A área mais gravemente atingida passa por três países: Ucrânia, Rússia e Bielo-Rússia. Mesmo com os reatores fechados e isolados, quem sobreviveu ainda enfrenta vários problemas de saúde (veja na pág. ao lado). Desde que a terra e a água da região foram contaminadas por elementos radioativos, frutas, legumes, carne e pão nunca são totalmente sadios. E esse drama não atinge somente os sobreviventes. Crianças nascidas depois de 1986 têm de lidar com doenças graves. No norte da Ucrânia, a incidência de câncer na tireoide é quase 100 vezes maior que o normal. E dois em cada três adolescentes têm problemas no coração.

Para quem ficou contaminado, uma medida simples faz toda a diferença: estudos ucranianos e franceses demonstraram que a permanência de três meses em regiões não-radioativas é capaz de diminuir em 30% o césio presente no corpo. Sabendo disso, desde 1993 a associação Les Enfants de Tchernobyl leva jovens para passear no exterior. Associações semelhantes fazem o mesmo em diversos países: Alemanha, Itália, Espanha, Bélgica, Irlanda, Canadá e Estados Unidos. "No entanto, além dos problemas de saúde, precisamos lidar também com o preconceito que essas crianças sofrem", afirma Angèle Mosser. "Como a informação ainda é escassa, há quem tema até chegar perto desses jovens."
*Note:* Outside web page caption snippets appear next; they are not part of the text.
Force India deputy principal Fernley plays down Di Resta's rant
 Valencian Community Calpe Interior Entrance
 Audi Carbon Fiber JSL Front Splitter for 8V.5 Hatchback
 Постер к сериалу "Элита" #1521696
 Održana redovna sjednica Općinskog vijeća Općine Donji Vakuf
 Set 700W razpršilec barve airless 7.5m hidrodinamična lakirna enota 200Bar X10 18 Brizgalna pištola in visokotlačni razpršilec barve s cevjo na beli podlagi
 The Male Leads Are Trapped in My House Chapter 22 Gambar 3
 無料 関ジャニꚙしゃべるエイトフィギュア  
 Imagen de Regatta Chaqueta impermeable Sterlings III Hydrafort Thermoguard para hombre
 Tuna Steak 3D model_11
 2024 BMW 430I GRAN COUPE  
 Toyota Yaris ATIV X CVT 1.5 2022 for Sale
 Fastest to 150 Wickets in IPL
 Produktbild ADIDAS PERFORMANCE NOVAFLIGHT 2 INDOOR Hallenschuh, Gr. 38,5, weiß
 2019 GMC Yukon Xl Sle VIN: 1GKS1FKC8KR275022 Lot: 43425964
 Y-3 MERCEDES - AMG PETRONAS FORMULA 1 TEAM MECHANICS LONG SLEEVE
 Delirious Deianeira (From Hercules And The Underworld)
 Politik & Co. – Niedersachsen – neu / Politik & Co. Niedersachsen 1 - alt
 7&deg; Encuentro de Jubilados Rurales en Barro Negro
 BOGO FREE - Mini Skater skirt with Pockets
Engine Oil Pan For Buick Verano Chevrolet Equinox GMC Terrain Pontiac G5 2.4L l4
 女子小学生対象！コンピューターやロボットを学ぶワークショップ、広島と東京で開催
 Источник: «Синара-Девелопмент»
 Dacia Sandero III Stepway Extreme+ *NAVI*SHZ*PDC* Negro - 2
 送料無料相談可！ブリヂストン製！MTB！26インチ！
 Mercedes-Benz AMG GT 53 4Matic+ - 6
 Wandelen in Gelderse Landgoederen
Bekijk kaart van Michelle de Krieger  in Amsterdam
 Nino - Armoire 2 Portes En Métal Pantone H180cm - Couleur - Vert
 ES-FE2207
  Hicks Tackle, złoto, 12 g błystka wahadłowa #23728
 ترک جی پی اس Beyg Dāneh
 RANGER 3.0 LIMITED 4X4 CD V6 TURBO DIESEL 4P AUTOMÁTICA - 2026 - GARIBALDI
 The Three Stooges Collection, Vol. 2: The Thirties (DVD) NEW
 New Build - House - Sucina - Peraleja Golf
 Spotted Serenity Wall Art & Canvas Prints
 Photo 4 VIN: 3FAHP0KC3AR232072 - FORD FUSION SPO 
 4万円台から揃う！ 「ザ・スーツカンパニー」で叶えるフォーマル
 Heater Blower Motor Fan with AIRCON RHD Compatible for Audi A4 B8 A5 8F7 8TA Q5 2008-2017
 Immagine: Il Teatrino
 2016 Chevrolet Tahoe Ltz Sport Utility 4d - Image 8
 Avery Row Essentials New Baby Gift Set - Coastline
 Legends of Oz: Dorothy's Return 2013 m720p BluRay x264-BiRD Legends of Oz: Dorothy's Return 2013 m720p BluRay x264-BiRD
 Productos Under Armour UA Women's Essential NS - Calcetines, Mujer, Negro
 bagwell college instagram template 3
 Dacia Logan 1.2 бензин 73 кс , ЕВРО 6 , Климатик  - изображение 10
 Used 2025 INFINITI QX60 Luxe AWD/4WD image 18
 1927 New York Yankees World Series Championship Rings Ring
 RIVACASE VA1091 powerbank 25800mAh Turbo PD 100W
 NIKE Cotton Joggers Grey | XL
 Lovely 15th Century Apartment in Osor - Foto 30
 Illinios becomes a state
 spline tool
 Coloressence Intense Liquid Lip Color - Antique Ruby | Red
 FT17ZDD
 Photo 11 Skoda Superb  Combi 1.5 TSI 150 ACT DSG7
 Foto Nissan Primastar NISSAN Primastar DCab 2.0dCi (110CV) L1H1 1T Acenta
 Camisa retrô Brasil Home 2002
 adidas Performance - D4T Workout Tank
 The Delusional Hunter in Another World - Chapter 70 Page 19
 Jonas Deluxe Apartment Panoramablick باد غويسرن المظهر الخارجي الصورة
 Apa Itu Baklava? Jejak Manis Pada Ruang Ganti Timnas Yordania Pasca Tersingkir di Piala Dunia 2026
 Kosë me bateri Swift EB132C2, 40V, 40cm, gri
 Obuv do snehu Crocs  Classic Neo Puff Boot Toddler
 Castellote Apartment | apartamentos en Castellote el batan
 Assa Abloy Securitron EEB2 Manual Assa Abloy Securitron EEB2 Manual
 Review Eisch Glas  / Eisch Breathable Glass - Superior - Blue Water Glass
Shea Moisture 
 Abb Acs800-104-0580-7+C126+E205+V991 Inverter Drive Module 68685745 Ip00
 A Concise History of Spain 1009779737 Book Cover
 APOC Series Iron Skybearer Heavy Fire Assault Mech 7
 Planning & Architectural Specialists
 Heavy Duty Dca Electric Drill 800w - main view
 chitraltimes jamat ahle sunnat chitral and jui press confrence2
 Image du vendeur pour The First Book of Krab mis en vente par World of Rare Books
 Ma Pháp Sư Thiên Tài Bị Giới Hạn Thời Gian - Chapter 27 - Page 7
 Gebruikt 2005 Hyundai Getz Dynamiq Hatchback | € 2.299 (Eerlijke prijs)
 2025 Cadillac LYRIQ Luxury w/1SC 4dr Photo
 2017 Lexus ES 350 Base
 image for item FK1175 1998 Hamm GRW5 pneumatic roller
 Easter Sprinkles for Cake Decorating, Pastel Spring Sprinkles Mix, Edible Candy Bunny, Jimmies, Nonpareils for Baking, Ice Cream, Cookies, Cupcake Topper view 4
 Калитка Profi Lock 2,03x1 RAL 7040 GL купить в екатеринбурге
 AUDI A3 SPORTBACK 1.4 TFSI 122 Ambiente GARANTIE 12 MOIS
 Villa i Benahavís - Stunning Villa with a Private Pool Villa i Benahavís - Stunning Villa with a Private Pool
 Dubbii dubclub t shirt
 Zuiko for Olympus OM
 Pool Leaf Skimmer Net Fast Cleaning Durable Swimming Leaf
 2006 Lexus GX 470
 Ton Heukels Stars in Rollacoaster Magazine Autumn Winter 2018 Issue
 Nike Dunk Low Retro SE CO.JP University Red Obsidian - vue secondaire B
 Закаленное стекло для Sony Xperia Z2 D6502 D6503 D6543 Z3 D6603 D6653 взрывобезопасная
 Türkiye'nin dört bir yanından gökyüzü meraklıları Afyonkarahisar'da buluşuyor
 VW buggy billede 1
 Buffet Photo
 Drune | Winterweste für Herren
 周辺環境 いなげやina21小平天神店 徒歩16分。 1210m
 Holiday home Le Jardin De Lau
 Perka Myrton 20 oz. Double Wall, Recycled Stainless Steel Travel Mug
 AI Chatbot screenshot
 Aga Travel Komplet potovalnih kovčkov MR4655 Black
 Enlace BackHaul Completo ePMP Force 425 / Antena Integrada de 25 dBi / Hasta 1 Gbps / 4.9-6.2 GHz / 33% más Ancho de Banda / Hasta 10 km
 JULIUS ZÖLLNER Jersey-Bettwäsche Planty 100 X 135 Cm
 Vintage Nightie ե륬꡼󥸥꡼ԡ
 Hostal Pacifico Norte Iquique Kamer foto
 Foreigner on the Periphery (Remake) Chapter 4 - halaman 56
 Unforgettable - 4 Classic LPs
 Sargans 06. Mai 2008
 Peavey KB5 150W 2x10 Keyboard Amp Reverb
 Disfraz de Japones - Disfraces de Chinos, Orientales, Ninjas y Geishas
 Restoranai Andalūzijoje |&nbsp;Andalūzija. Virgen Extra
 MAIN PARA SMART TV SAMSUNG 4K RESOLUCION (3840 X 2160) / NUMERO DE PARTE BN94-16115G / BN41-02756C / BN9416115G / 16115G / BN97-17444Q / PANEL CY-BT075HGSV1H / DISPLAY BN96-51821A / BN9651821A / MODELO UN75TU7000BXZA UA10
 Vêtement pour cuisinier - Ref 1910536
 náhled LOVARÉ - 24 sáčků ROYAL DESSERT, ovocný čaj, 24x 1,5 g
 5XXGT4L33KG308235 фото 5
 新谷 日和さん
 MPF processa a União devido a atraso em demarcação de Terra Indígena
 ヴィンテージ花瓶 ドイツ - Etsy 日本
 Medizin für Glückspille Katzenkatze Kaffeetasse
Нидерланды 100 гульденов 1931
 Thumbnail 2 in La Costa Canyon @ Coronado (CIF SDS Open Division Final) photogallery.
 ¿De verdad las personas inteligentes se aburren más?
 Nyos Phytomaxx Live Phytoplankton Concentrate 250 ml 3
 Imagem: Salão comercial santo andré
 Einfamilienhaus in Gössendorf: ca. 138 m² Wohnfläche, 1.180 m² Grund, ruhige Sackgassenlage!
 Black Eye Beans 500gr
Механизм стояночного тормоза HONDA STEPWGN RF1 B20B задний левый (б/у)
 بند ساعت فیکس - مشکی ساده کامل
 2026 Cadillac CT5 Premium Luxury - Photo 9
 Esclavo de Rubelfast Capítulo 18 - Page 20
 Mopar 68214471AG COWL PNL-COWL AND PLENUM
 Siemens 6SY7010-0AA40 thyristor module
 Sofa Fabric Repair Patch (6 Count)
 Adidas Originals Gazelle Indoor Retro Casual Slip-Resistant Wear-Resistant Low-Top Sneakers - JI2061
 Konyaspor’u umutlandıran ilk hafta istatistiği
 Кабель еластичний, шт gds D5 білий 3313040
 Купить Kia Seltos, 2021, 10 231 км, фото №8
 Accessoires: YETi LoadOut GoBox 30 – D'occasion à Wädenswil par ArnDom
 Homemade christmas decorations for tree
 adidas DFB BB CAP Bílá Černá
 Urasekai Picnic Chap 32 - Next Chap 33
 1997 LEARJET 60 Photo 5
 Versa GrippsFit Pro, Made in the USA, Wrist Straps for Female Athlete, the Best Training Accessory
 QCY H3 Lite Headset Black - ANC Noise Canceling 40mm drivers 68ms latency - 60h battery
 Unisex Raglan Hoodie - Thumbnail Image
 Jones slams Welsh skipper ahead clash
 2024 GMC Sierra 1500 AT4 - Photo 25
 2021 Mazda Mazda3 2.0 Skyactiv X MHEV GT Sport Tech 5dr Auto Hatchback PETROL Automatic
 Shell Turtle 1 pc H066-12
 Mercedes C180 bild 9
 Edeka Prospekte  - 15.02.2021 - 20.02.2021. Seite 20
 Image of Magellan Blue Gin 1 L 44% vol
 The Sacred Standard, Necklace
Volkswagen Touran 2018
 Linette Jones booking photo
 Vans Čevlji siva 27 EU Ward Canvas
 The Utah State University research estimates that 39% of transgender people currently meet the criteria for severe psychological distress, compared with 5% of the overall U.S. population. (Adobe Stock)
As dificuldades de relacionamento com as vítimas resultam da falta de informação e do impacto causado pelas antigas imagens de recém-nascidos monstruosos, nascidos em regiões próximas às explosões. Entidades especializadas fazem campanhas para alertar que pessoas contaminadas não são contagiosas. Ainda assim, o desastre nuclear é um fantasma presente. "Chernobyl foi - e ainda é - o inferno", diz Monique Sene, integrante do grupo francês.


Radiação no corpo

As áreas mais atingidas

A radioatividade ataca principalmente as células do coração, da tireoide e do cérebro, provocando baixa imunológica e problemas em órgãos vitais. Mas o maior problema são as taxas de câncer.


Incidentes em série

A usina, antes e depois da tragédia

1977 - Inauguração
Depois de sete anos de obras, a usina começa a funcionar. A abertura é celebrada com grande festa na cidade ucraniana.


1986 - Explosão
Em 25 de abril, inicia-se um teste no sistema de resfriamento. À 1h23 do dia 26, dois reatores explodem. O desastre lança 100 vezes mais radiação que a bomba de Hiroshima.


1991 - Incêndio
Um incêndio de pequenas proporções atinge uma turbina. Mais uma vez, as autoridades locais demoram para evacuar a área.


1993 - Grupo de apoio
Surge o grupo As Crianças de Chenobyl, que procura reintegrar as vítimas. Desde então, todos os anos, 200 jovens da Ucrânia são levados para passar férias de verão na França.


2000 - O fim do pesadelo
Finalmente, o governo ucraniano decide fechar a usina nuclear de Chernobyl. A decisão é tomada logo depois de um novo vazamento em um reator.


2010 - Balanço mórbido
Desde o acidente, 7 milhões de pessoas da região foram afetadas e 30 mil pessoas morreram em decorrência dos efeitos da radiação. Ainda hoje, 9 milhões de pessoas vivem em áreas contaminadas.